Tuesday, August 4, 2020

Forgiven?

She asked me to come, so I did. She did not ask me to stay. I did not. Who is at fault? Is there anyone to blame? The answer to that depends on who you ask. She said it was natural, so natural for me. She was telling the truth. Maybe I'm not the one for you. Maybe I'm not. Can we go back to being friends? Can we? Go back? We were too forward. We were in like. We acted as though it was love we were in. Was it? Is it? I hope there's no hard feelings. It was only a cigarette- a cigarette from a girl with blonde hair. Blame me for being natural. I am to blame. Forgive me for being natural. I pray it doesn't hurt. 

Wednesday, July 15, 2020

Welcome Home. Hello?

  Allow me to be the first to say "Hello and welcome." Welcome to the land of milk and honey and syrup- maple and corn. Welcome to the land of bottled water and chlorine. Welcome to the land of plenty, the land of percent. Here resides the hungry. Here resides the strong. Welcome I tell you- welcome. Welcome to the land of real-estate, to premium property. Welcome to the land of the homeless. Welcome to the land of McDonald's, to Subway. Welcome to the land of plus-sized women in plus-sized clothing. Welcome. Welcome to the land of the transient, the land of the vagabond. Welcome to the land of the free, to the land of bondage and debt. Welcome to the land of capitol, to the land of endless liability. Welcome to the land of the instant message ignored. Welcome to the land of the divorced. Welcome to the land of the happy couple- happy for now. Welcome to the land of children aged twenty and up. Welcome to the land of abundance, to the land of never enough. Welcome to the land of the damned, to the land of the blessed. Welcome to the land of melatonin gummies, of coffee. Welcome to the land of moving stars, of idling cars. Welcome to the land of the clean, of the dirty. Welcome to the land of choice. Welcome to the land of litter. Welcome to the land of cigarette butts and cigarillo packs. Welcome to the land of saggy flesh in bikinis. Welcome to the land of one night stands, of never and forever. Welcome to the land where the only contradiction is you. Welcome.. Hello?  

Friday, July 3, 2020

Absolutely

  I do not feel bad for what I did. It's really that simple. I do not feel any remorse whatsoever. Is this wrong? Is it wrong that I choose to work on myself, to better myself?

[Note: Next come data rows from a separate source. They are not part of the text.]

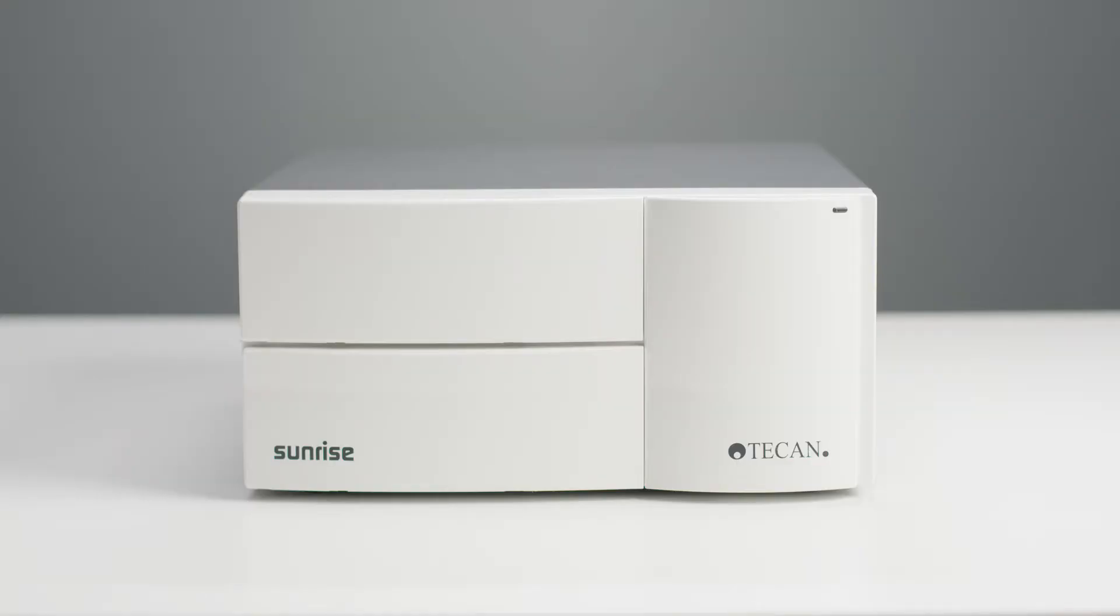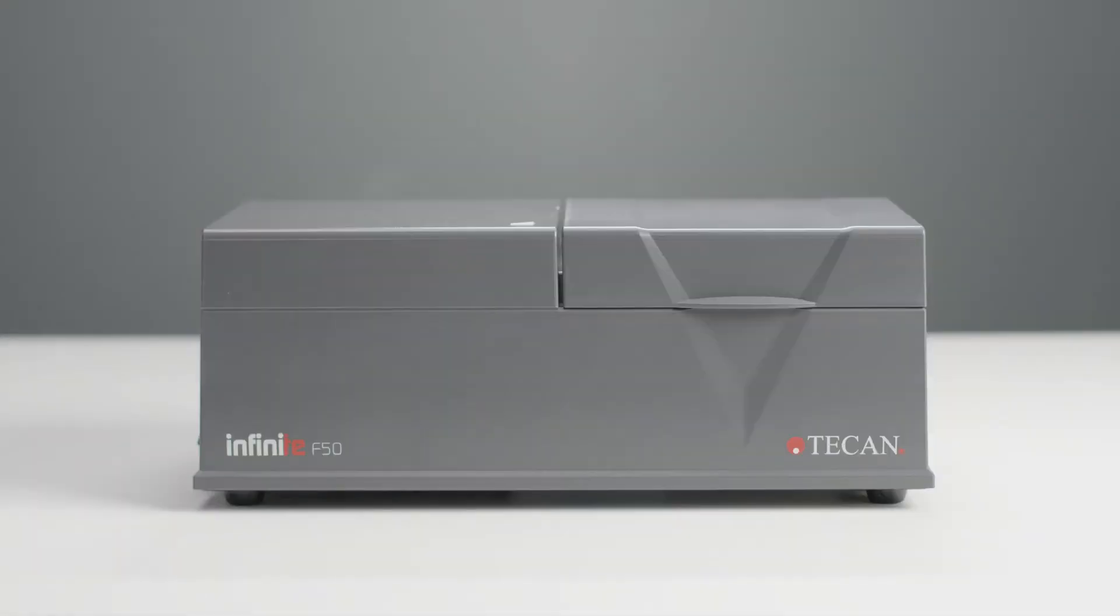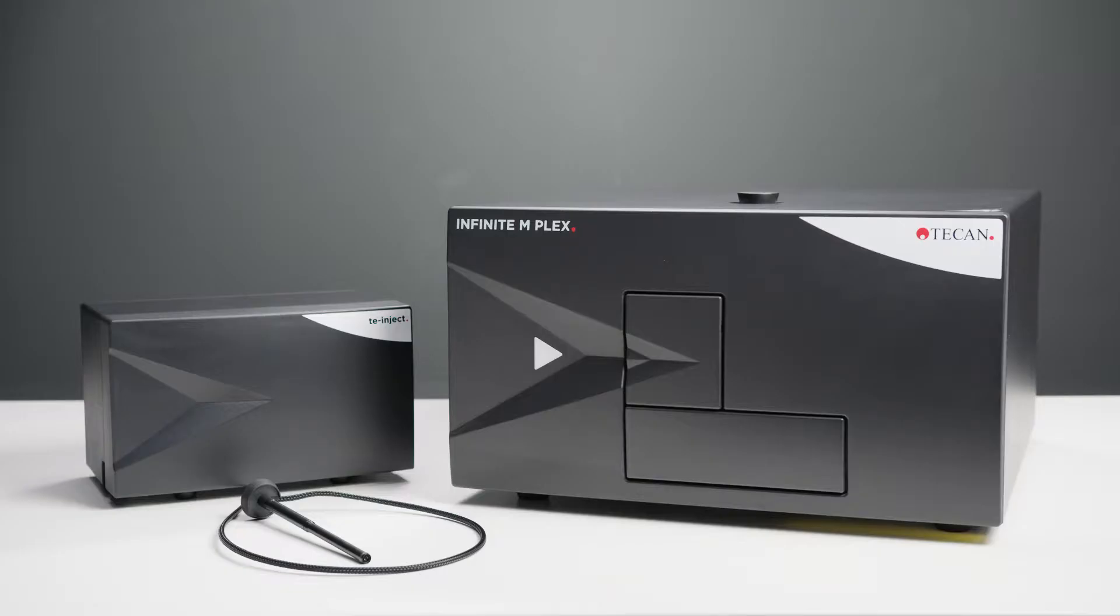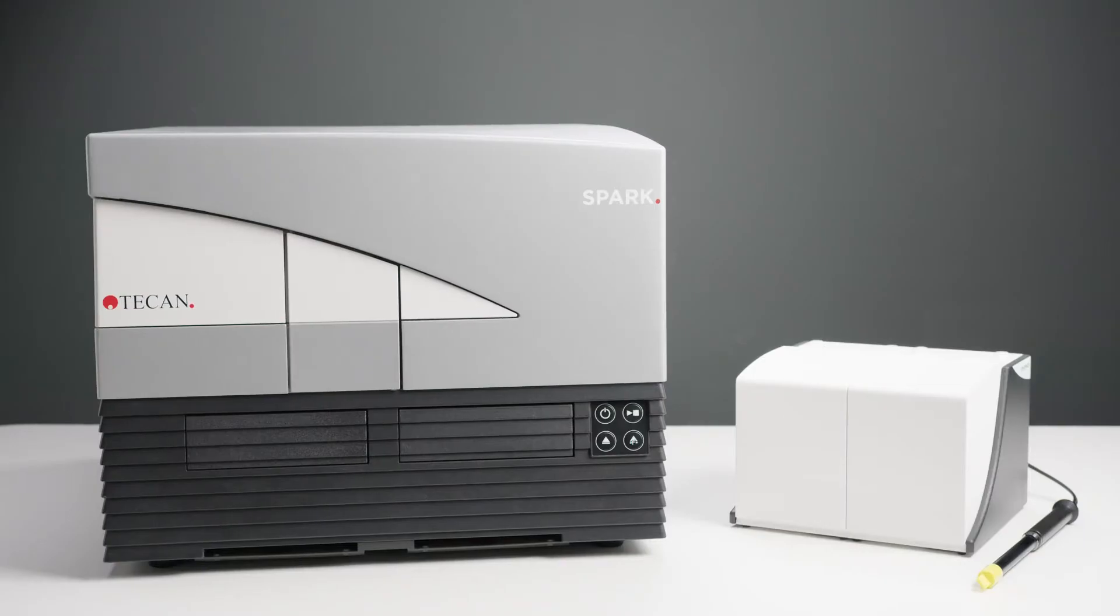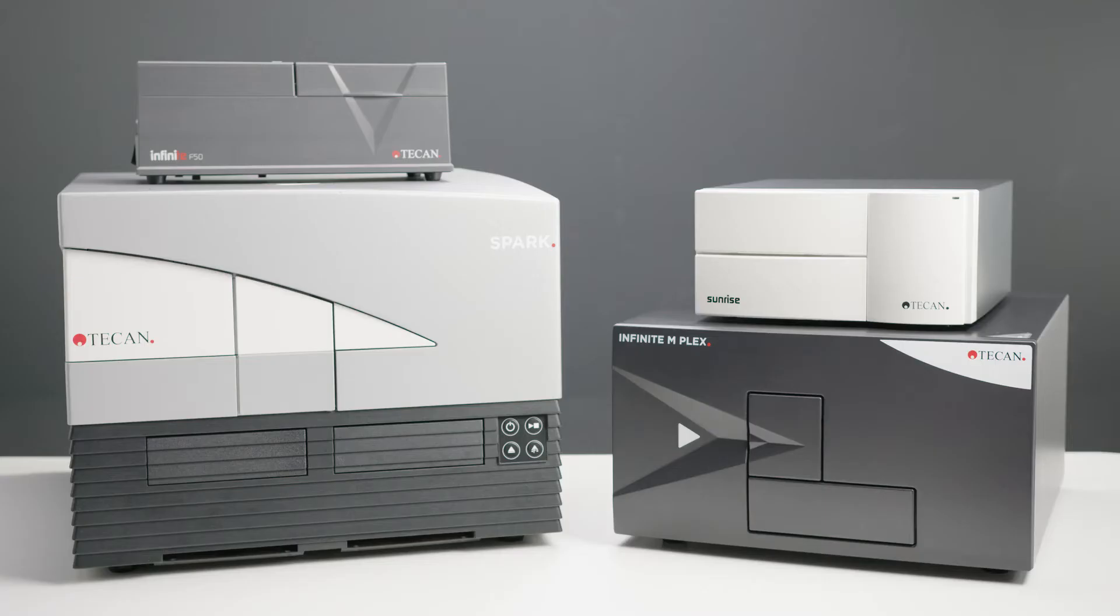This includes the Sunrise, the Infinity F50, the Infinity 200 Pro, and the Spark. If you have any questions about installing your instrument, check out the respective tutorial.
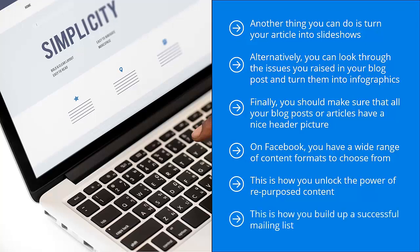This is how you build up a successful mailing list. This is how you create a solid brand on social media. Start with powerful content but create different versions and spread it on many different social media platforms.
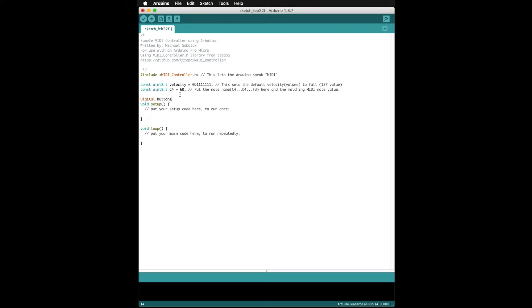Here is where we tell the Arduino where the buttons are and what notes they play if they are pressed. I'll comment the format in the code, but the first value is the input pin, then the note, MIDI channel, and finally instructions to play the note full value. Again, if you had more buttons you would declare them here. Check the linked code for example.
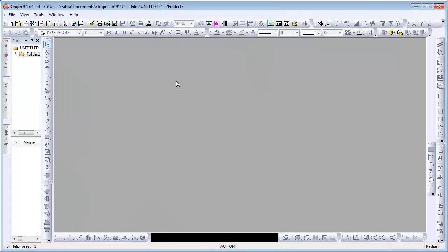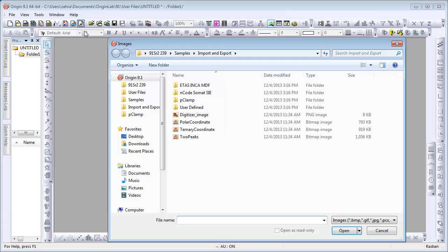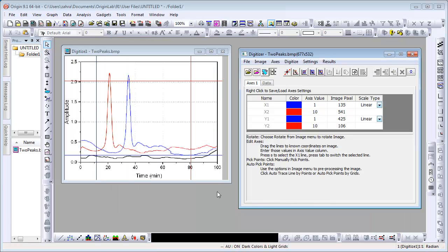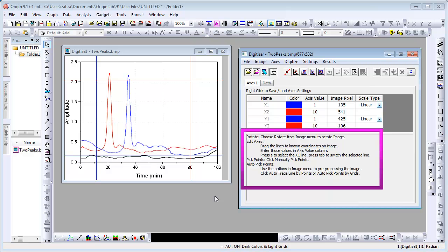Click on the Digitize Image button and open up the Two Peaks image. There are three curves: a red and blue spectra and a black baseline. There are also hints in the Axis tab of the Digitizer dialog.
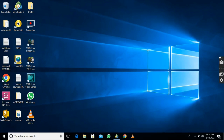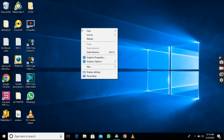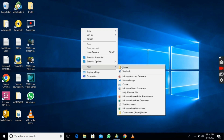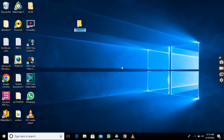I want to learn how to create a folder. Right-click, then select folder. Now you can type in a name.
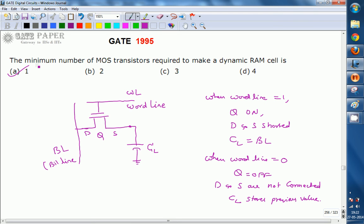The disadvantage of a dynamic RAM cell is that it requires periodic refreshment. Whenever the word line is 0, the capacitor must hold the previous value but cannot do so continuously due to leakages — the transistor conducts leakage currents and the dielectric medium of the capacitor is not perfect. This periodic refreshment is not required in static RAM.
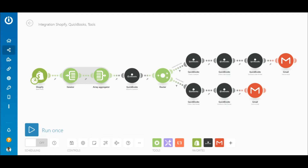You'll also need a basic understanding of the functions of the iterator and array aggregator. Let's jump straight into the configuration.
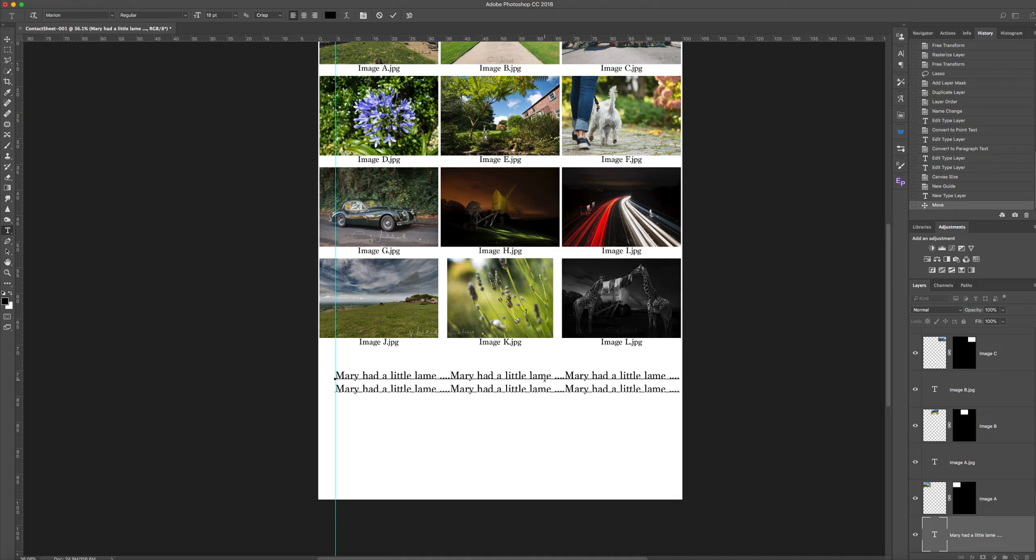Right, sorry about that, phones ring. I'll try and edit that out. So just type your text in here.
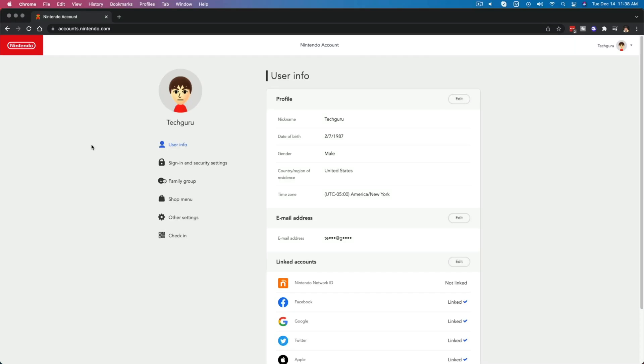Hello everyone, and welcome to another tutorial simplified. Today I'm going to be showing you how to change your Nintendo account email address.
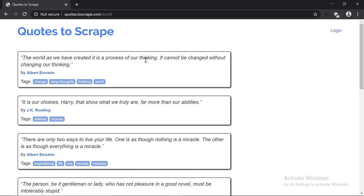So as an example, we're going to scrape this website, quotes2scrape.com/scroll. This is a very well-known website and you'll find it on pretty much all the tutorials out there on the internet. We're going to start with it so I can explain the basics, because it's very easy. And then we're going to tackle a real-world example.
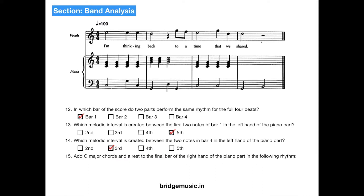Add G major chords and the rest to the final bar on the right hand of the piano part in the following rhythm. The rhythm given is a quarter note, plus a quarter note, and a half note rest. So you need to put a G major chord, and then a half note rest.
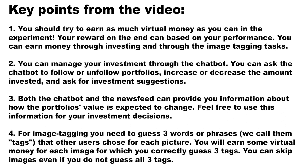To summarize the key points from the video: 1. You should try to earn as much virtual money as you can in the experiment. Your reward at the end is based on your performance. You can earn money through investing and through the image tagging tasks.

Is it wrong that I refuse to be a part of something that is wrong? Is it wrong for me to have a desire to become something better than what I am now, for me to grow? Is it wrong that I am an adult? Is it wrong to believe happiness is overrated? Is it wrong to choose who or what I let influence my actions? Is it wrong to manipulate my environment to achieve success? Is it wrong to love and let go? Is it wrong to make the right choice? Is it wrong to listen to God? Is it wrong to be strong? Absolutely not.